Second thing: there is a grain of truth in what the two Davids say, but only a grain. The Governor-General performs much the same function a head of state performs in a republic with a parliamentary system of government, and that the Queen performs in the UK. That is, he appoints a Ministry which has the support of the majority of the lower house and, except in times of crisis, lets them get on with being the real government of the country despite official documents claiming that Ministers are doing things in his, or Her Majesty’s, name. If you only looked at how things work, you might say that the Governor-General is a ‘de facto’ head of state.
But looking at the Constitution and the law as stated by the High Court of Australia, you find even ‘de facto’ is too strong a term.

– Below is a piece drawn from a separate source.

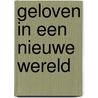 Geloven in een nieuwe wereld by Fred Hoek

Section 2 of the Constitution provides that the Governor-General “shall be her Majesty’s representative in the Commonwealth”. Section 1 says Parliament consists of ‘the Queen, a Senate and a House of Representatives’. Section 61 says that the executive power of the Commonwealth is ‘vested in the Queen and is exercisable by the Governor-General as’ – can you see it coming? – ‘the Queen’s representative’. So the text makes it quite clear: the legal head of state powers vest in the Queen; in law the Governor-General is merely a delegate head of state. When the Queen comes to Australia, the Royal Powers Act 1953 provides that any power exercisable under an Act by the Governor-General may be exercised by the Queen. Some have suggested that this is inconsistent with s.2 of the Constitution, but it is quite consistent with the presupposition underlying that section: that the Queen is the head of state and that the reason that she appoints a Governor-General as her representative is simply that she is so far away.
The fact that we share our head of state with the UK and some other Commonwealth countries has been recognised by the High Court. In one case it said that the law of immunity of foreign states “should be approached no differently as regards those foreign states which share [with Australia] the same head of state than it is for those foreign states which do not”. Another judgment referred to “the several and distinct capacities of the Queen as head of state of several and distinct sovereign nations”, and from the context those nations clearly included us. The court has recognised that the world has changed in many ways since 1901 – UK migrants are ‘aliens’ and citizens of a ‘foreign power’, but they still recognise that we share our head of state – the Queen – with the UK and other nations.
So we have no need to be embarrassed by the slogan – let us continue to argue that we want to remove the hereditary monarch from our Constitution and replace her (and her son) with an Australian head of state.